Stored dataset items
____

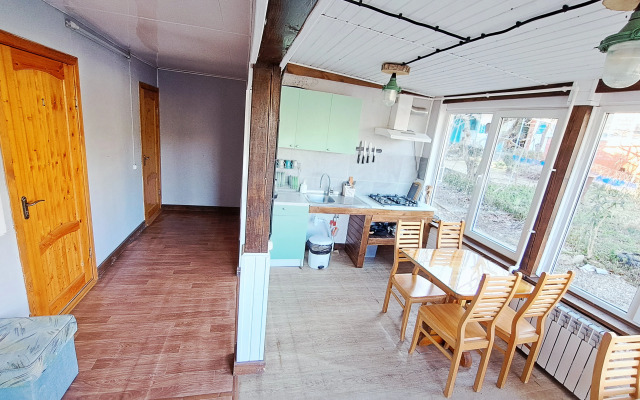 Квартира на первом этаже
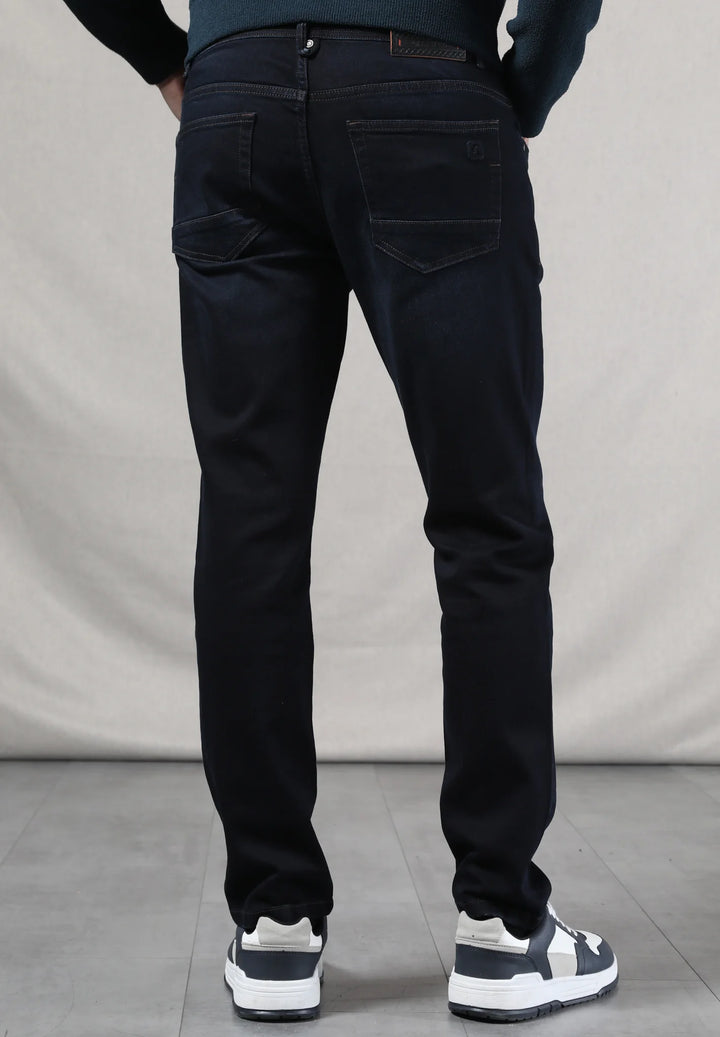 Gabbiano - Atlantic - Heren Regular Jeans - Night Blue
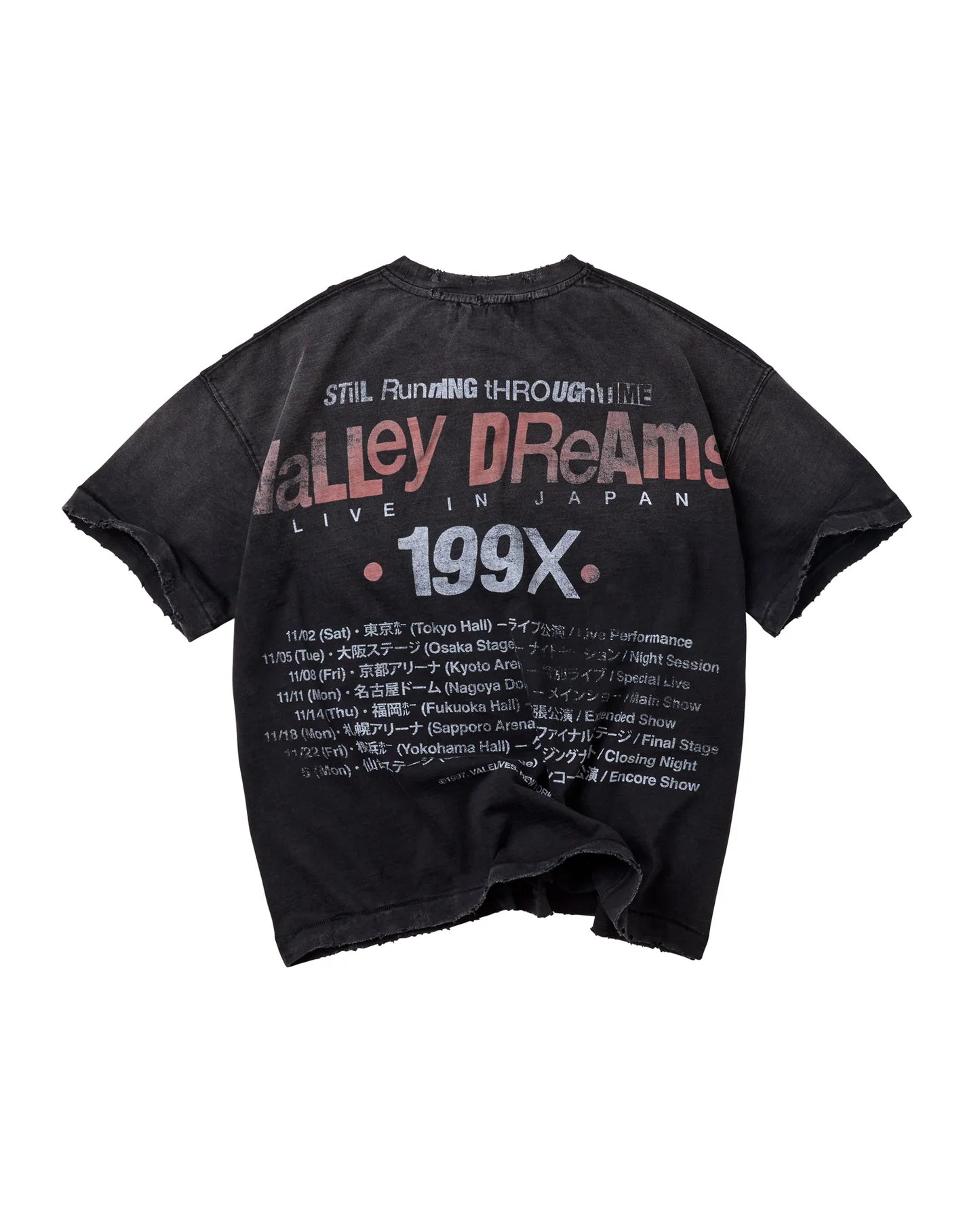 Vale Forever Rock Tee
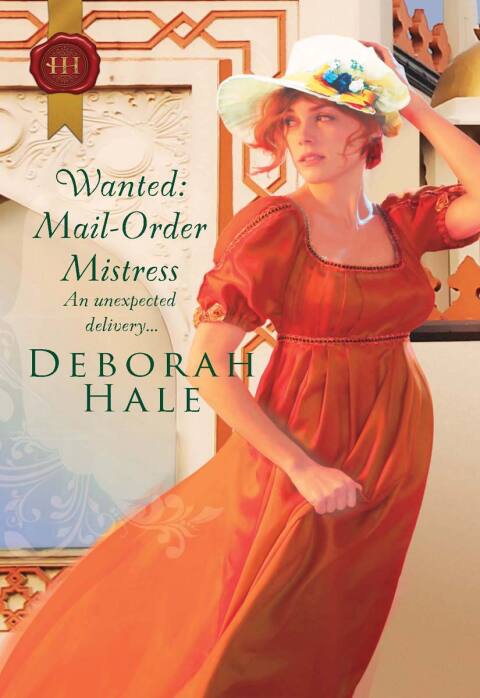 Cover image for book Wanted: Mail-Order Mistress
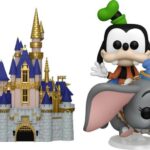 Don't Miss Out on the New Walt Disney World 50th Anniversary Funko Pop! Collectibles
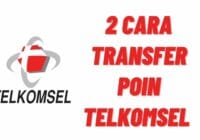 Cara Transfer Poin Telkomsel Ke nomor lain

____

Your instructions ::
Copy the records exactly, leaving out every picture.

Expected answer ::
 Квартира на первом этаже
 Gabbiano - Atlantic - Heren Regular Jeans - Night Blue
 Vale Forever Rock Tee
 Cover image for book Wanted: Mail-Order Mistress
 Don't Miss Out on the New Walt Disney World 50th Anniversary Funko Pop! Collectibles
 Cara Transfer Poin Telkomsel Ke nomor lain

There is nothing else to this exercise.